14. Consider Phlebas, by Iain M. Banks (read). What a bizarre choice. Sure, it's the first Culture novel (and the Culture belongs on this list, given that it's a UK list), but it's an indifferent if competent space opera. The Player of Games is much more of a geek novel; it's all about wargaming, for heaven's sake.

15. Stranger in a Strange Land, by Robert A. Heinlein (read). One can quibble about the best choice of Heinlein, but this will do as well as anything else. And it has grok, which is important. Still, I wonder if a juvenile wouldn't have fit better.

16. The Man in the High Castle, by Philip K. Dick (read). Important and influential I'll buy, and vital to the history of SF certainly, but geek novel? I don't get it.

17. American Gods, by Neil Gaiman (read). Er, no. Don't get me wrong; it's a great book. But it's not a geek book particularly. Gaiman's Sandman series would be a much better choice.

18. The Diamond Age, by Neal Stephenson (read). Lots of Neal, maybe more than warranted, but he is definitely a geek writer. And who can resist the towers of Turing.

19. The Illuminatus! Trilogy, by Robert Shea and Robert Anton Wilson (not read). I've heard of this one but never read it. Still, doesn't seem too far out of line.

20. Trouble with Lichen, by John Wyndham (not read). Oh, yeah, this is a UK list. (Wyndham is virtually unknown in the States, but extremely important in the UK. I've only heard of his The Day of the Triffids.)

What's missing? Well, The Lord of the Rings, obviously, which is a bizarre omission even if it's not a book about technology (neither is American Gods, I'll point out). Possibly 2001 ("what are you doing, Dave?"), but realistically that was the movie, not the book. I'd make a pitch for Vinge's "True Names," but it's a short story and therefore not eligible. Everything else seems at least arguable to me, which means it's not a bad list at all.

Posted: 2005-11-16 22:12 — Why no comments?

I would include Catch-22, and certainly Lord of the Rings.

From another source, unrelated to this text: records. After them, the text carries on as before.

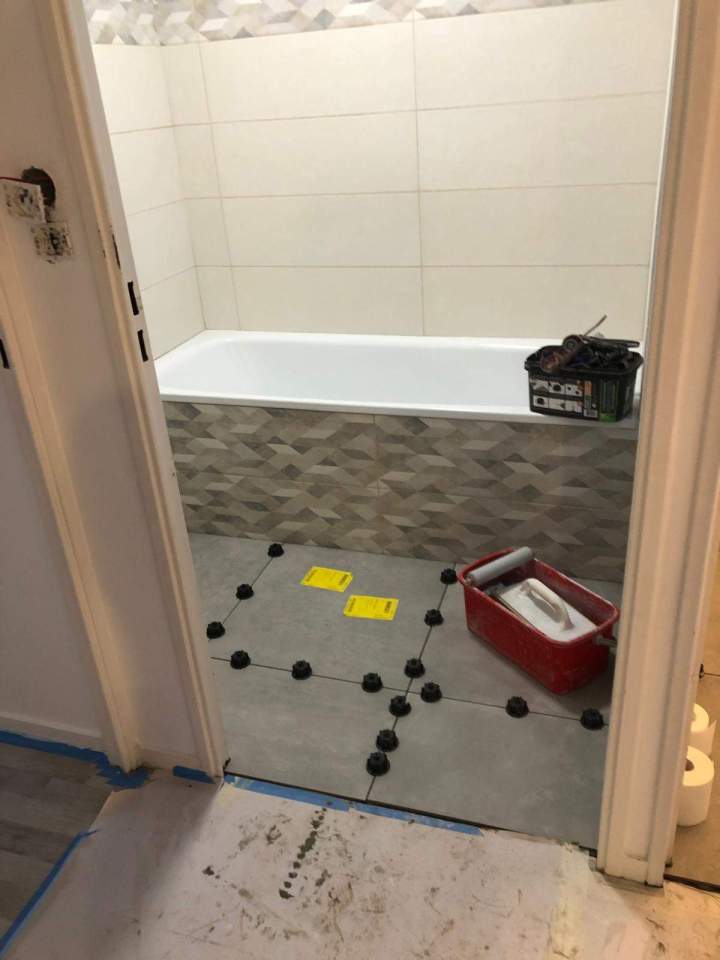 587ceb1d 7622 43d7 bc3f 3a4fd74a9574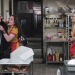2 Broke Girls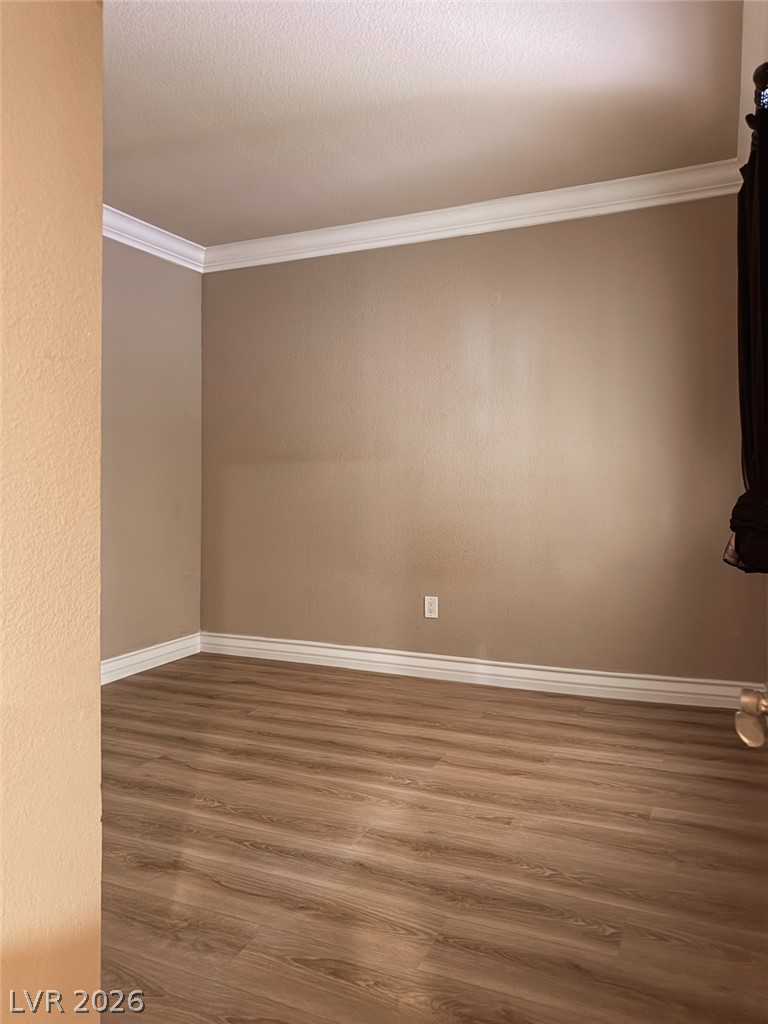 Photo 20 of 59, 210 E Flamingo Road #112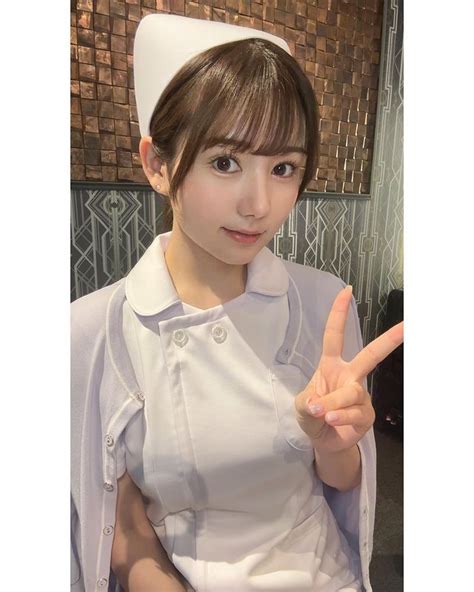 mei itsukaichi njavtv|Mei Itsukaichi Porn Star Uncensored Videos .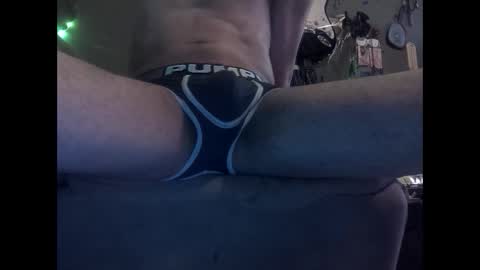 maxfishholer420 online show from 02-19-25, 07:50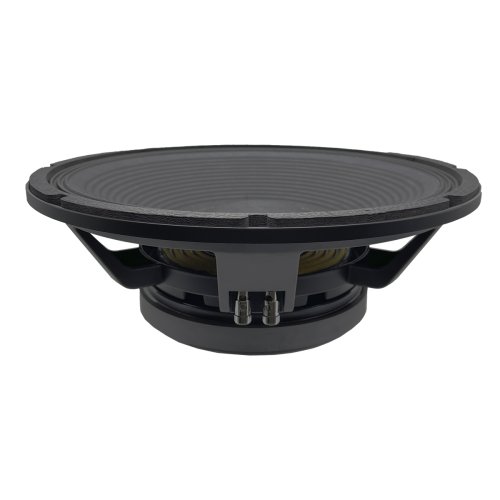 Динамік S15W800-8 Фото №3
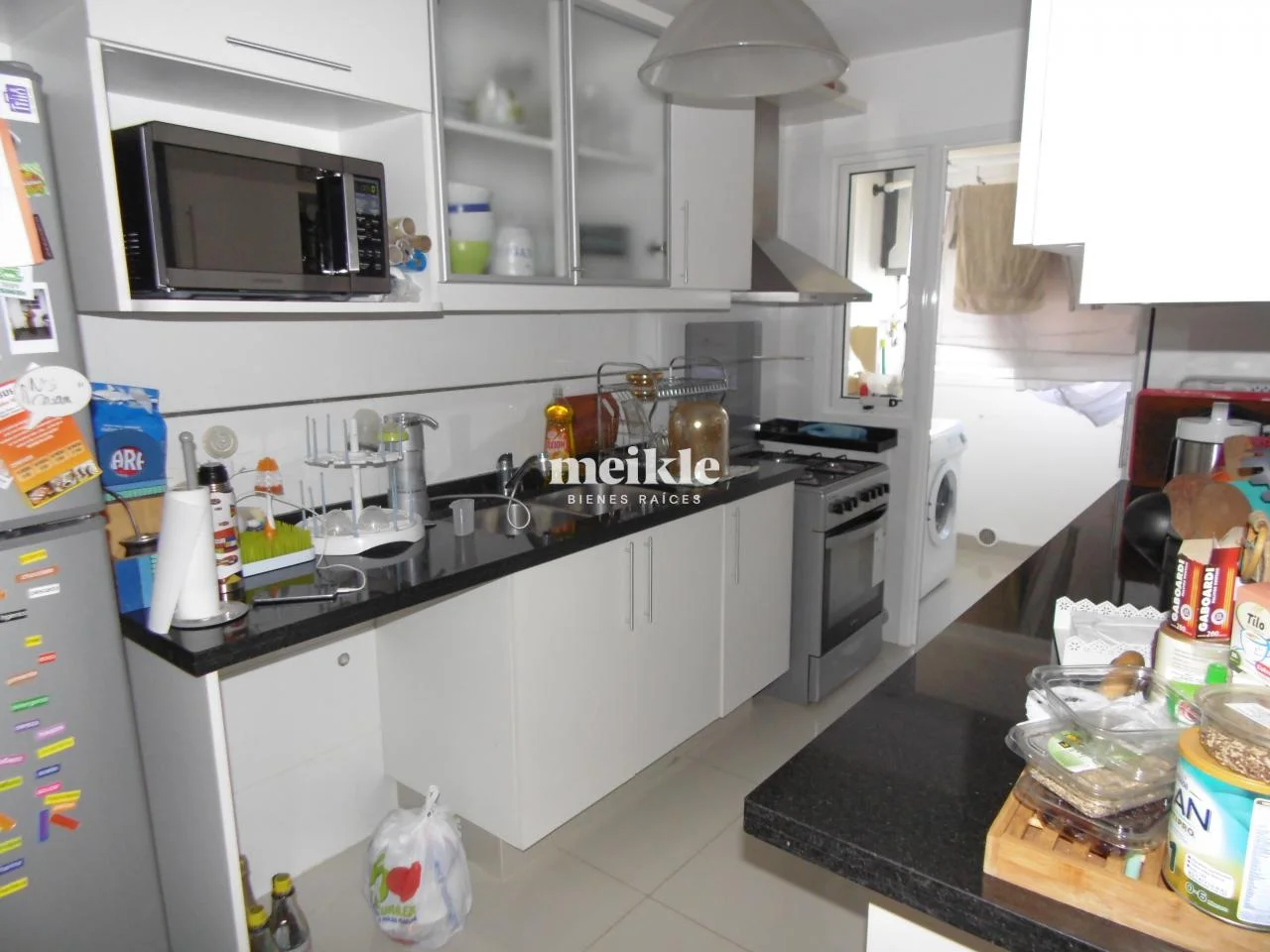 Apartamento en La Caleta, propiedad 95165 -Imagen 2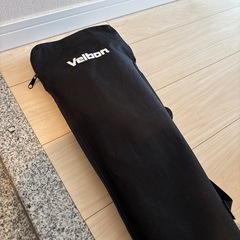 カメラ　三脚　VeIbonの画像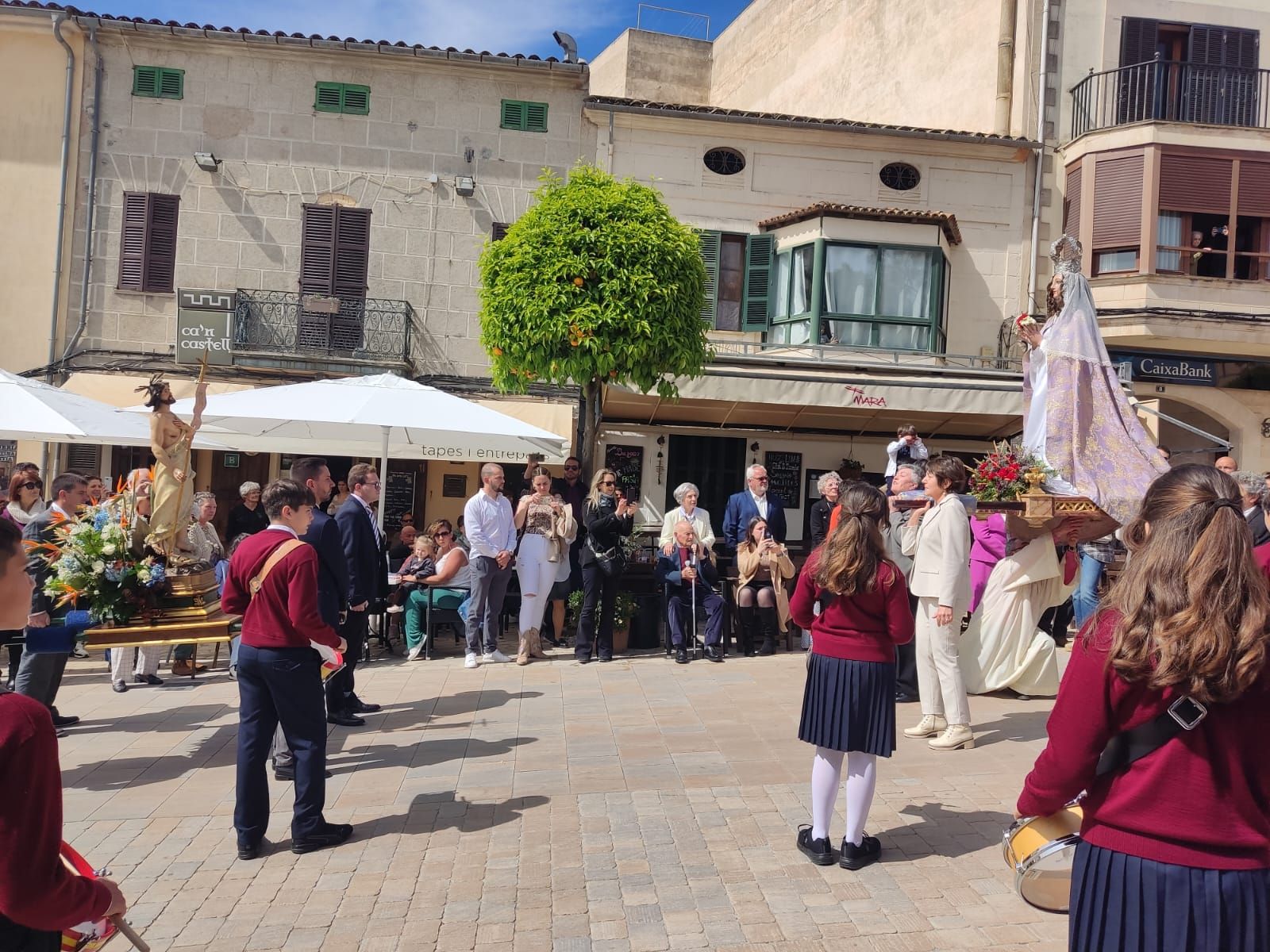 Sineu.jpg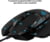 Logitech 910-005470 tootepilt 39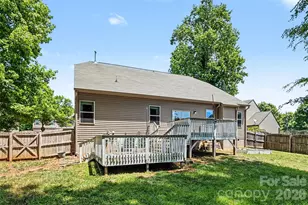 10248 Withers Rd, Charlotte, NC 28278 - Photo 37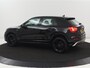 Audi Q2 1.4 TFSI Sport Pro Line S | Stoelverwarming | Carplay | Virtual Cockpit | Navigatie | Parkeerhulp | Full LED | Climate control | 18'' | Cruise control | Bluetooth | S Line
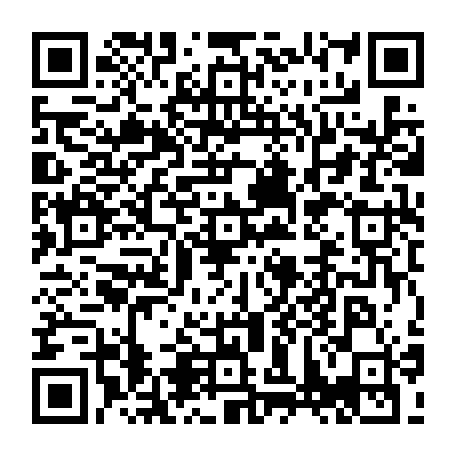 vCard 79234576049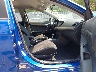 JA32V2FW1FU****** Used and Repairable 2015 Mitsubishi Lancer in New Jersey State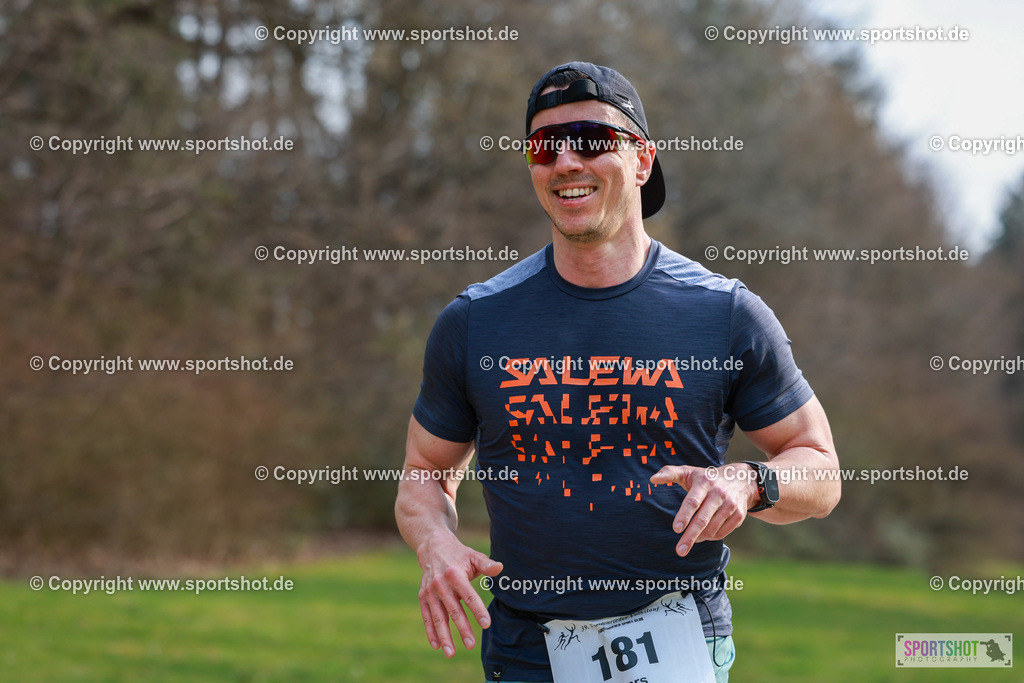 AR6_3372 | #forstenriedervolkslauf #volkslauf #forstenried #forstenriedersc #yourpictrs #sportshot_your_pictrs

Neverwhere might also be a better Gaiman choice for the overall feel of this list than American Gods.

Posted by jon at 2005-11-17 09:13

I agree with Catch-22. The catch is something that will resonate with geeks.

Microserfs is specifically about people working for Microsoft. The excerpt i read in Wired long ago was very dull. I also hated "Generation X", so i'm guessing that Coupland is not my cup of tea.

As for Pratchett books, "Going Postal" is much much much geekier than TCoM, or any other of his books, really. Highly, highly recommended.

Since 2001 movie and book were created approximately simultaneously, i think it counts.

Something by Niven should be on the list, because it gave us Finagle's Law and a slew of Murphy's Law-related aphorisms, even if they're not properly novels.

Posted by rone at 2005-11-17 14:09

my comments about the list are spread all over LJ, and i don't feel like repeating myself, and can't link to them, so i'll send them to you in IM. yeah, those are some odd choices; i'd argue more with the specifics than with the authors.

bladerunner has very little to do with the novel, but yeah, i wonder the same.

lichen is much less appropriate than day of the triffids. also not as good.

i can send you microserfs. definitely worth reading for the sense of time and place (fictional microsoft employees with their own startup). contrary to rone i really like coupland.

i think 1984 and brave new world are on the list because in europe everyone has had to read them in high school. :)

Posted by piranha at 2005-11-17 17:41

You really should read Brave New World and Illuminatus, I both thought they were excellent. 1984 is something you probably should get around to reading, but I really didn't get a whole lot out of it since I'd already been immersed in references to it. Microserfs? ehn, that's so pre-bubble.